O Conselho Nacional do Ministério Público determinou nesta terça-feira, 25, o arquivamento, por prescrição, do pedido do ex-presidente Luiz Inácio Lula da Silva para instauração de procedimento administrativo disciplinar contra o procurador Deltan Dallagnol e outros integrantes da força-tarefa da Lava Jato em Curitiba.
O pedido da defesa de Lula questionava o PowerPoint apresentado em entrevista coletiva concedida pela força-tarefa em setembro de 2016.
No entanto, por 6 a 4, o CNMP acolheu parcialmente uma outra solicitação do petista e determinou que o chefe da Lava Jato em Curitiba e os procuradores Julio Carlos Motta Noronha e Roberto Pozzobon deverão se abster de usar equipamentos, instalações e recursos do órgão para atividades políticas e político-partidárias.
Oito conselheiros entenderam haver justa causa para instauração de procedimento administrativo disciplinar contra os procuradores, mas, em razão de prescrição punitiva, votaram pelo arquivamento do caso.

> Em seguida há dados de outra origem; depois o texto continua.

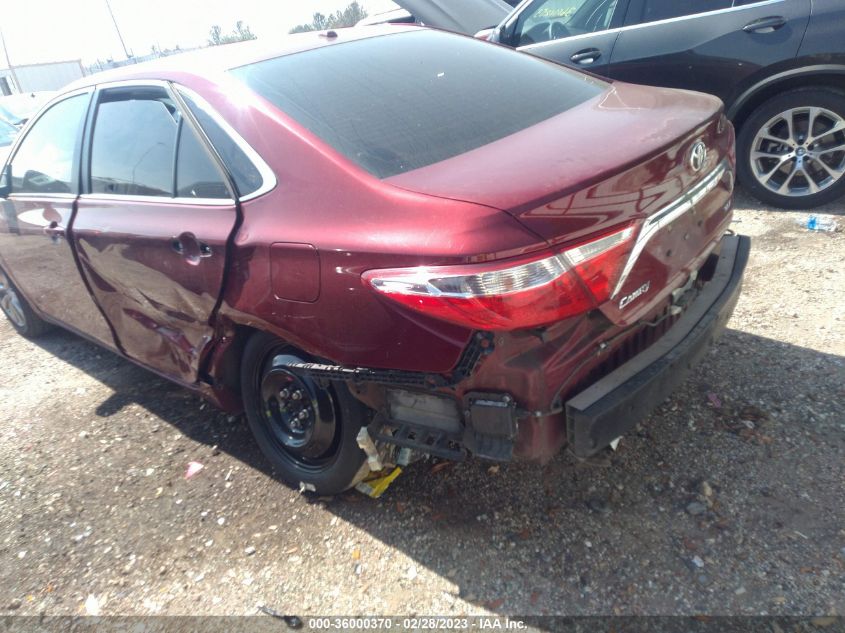 2016 TOYOTA CAMRY XLE/SE/LE/XSE - 4T1BF1FK0GU604104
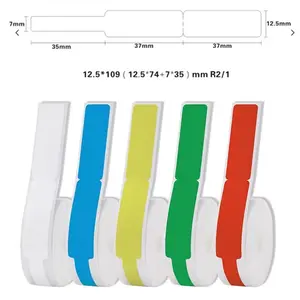 1 roll of cable label manufacturer tape, suitable for Phomemo M110/M200/D30/D30S/D32 label manufacturer, home office label tape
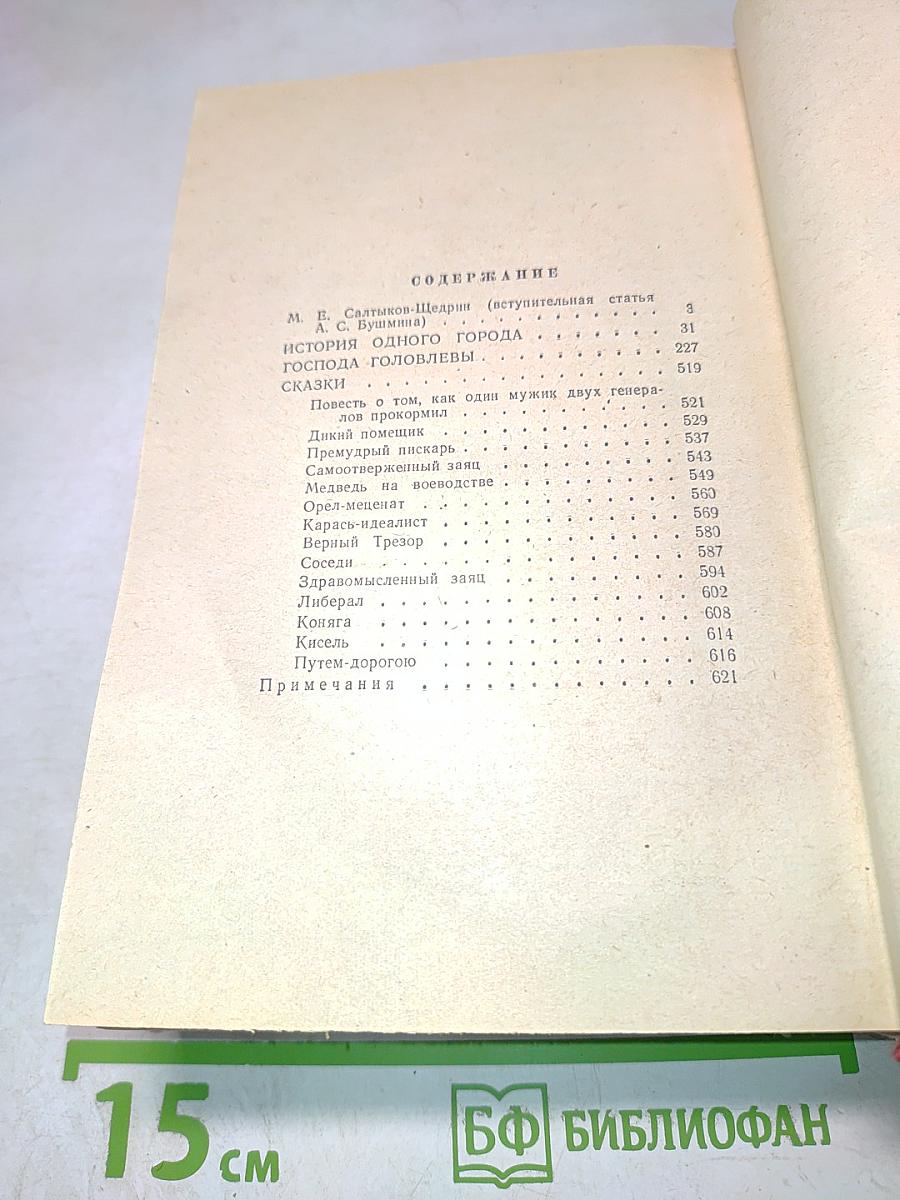 История одного города. Господа Головлевы. Сказки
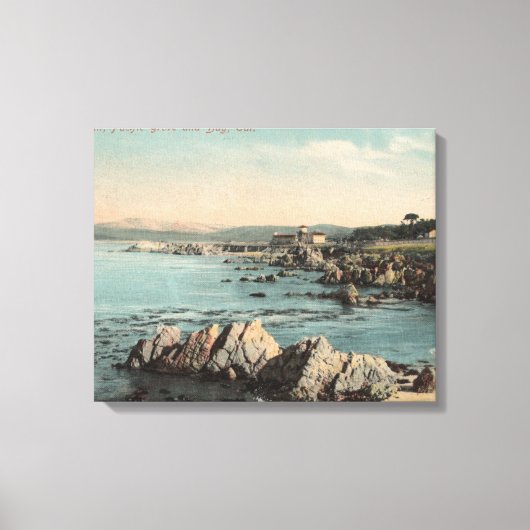 Toile Pacific Grove, CA - Lovers Point, Pacifique (Recto)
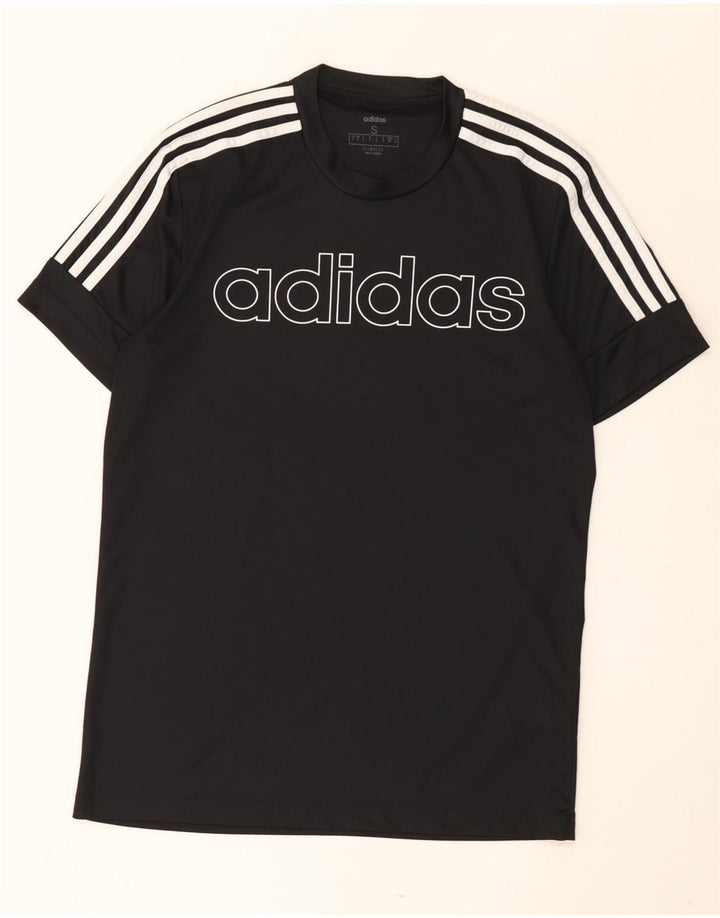 Adidas Herre Climalite grafisk T-shirt top lille sort polyester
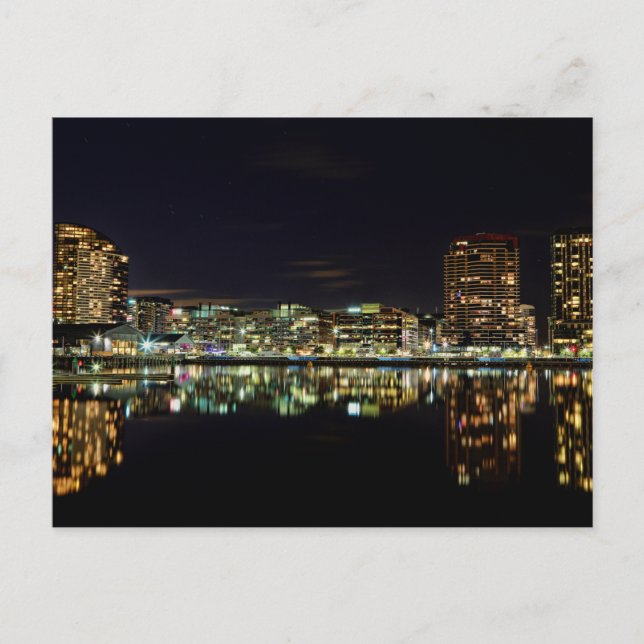 Reflekterande Melbourne Vykort (Framsida)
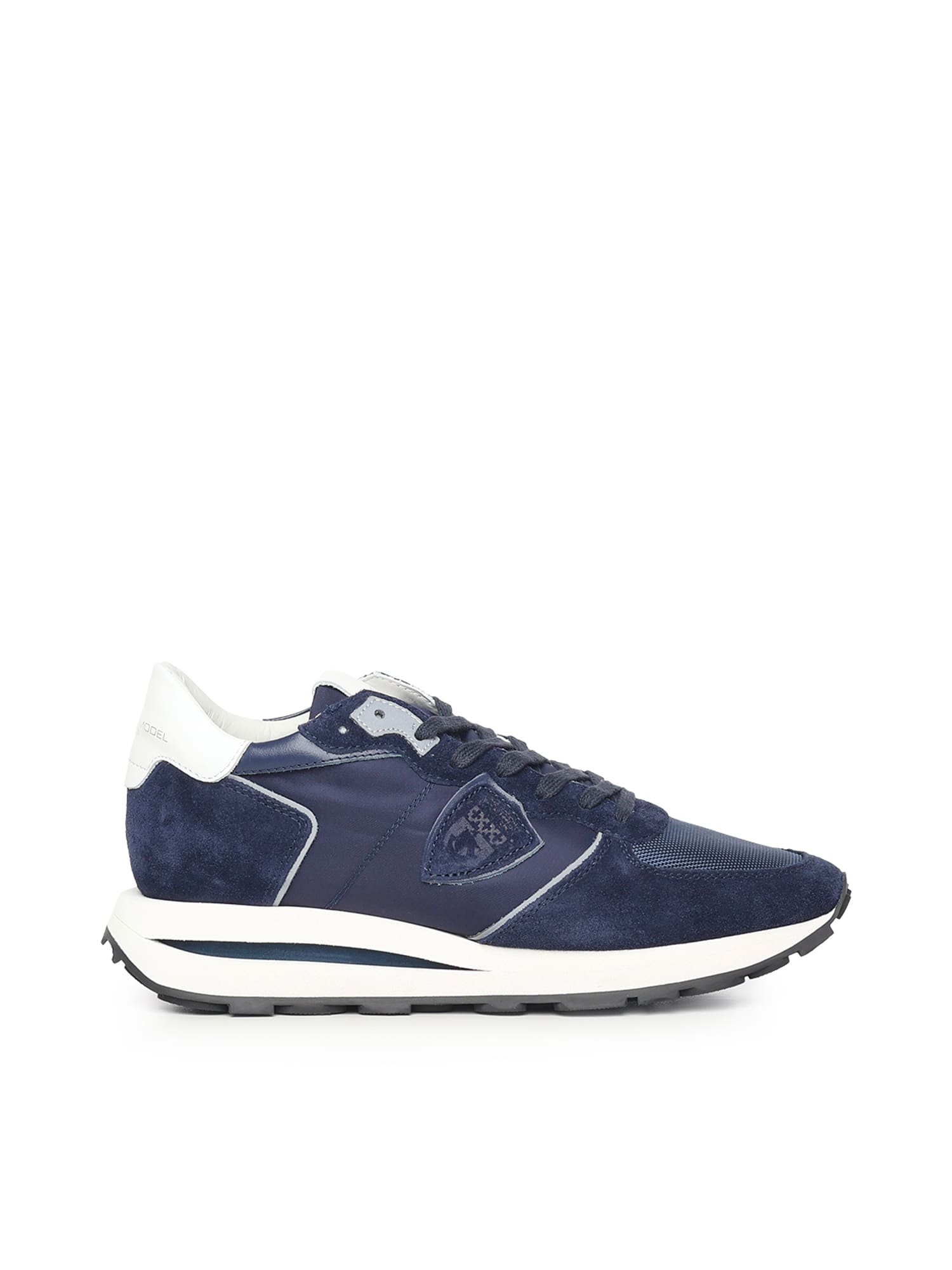 Philippe Model Tropez Haute Sneakers In Blue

Lula, no Twitter, criticou o arquivamento do pedido pelo conselho do Ministério Público. “A decisão do CNMP, que sabe que Dallagnol é culpado, embora não tenha tido coragem de inocentá-lo, será uma página que ficará para a história como vergonha para o Ministério Público”, afirmou. “O MP precisa compreender que toda responsabilidade que a legislação lhe deu em sua criação exige um comportamento exemplar, para merecer respeito da sociedade.”
As informações são do jornal O Estado de S. Paulo.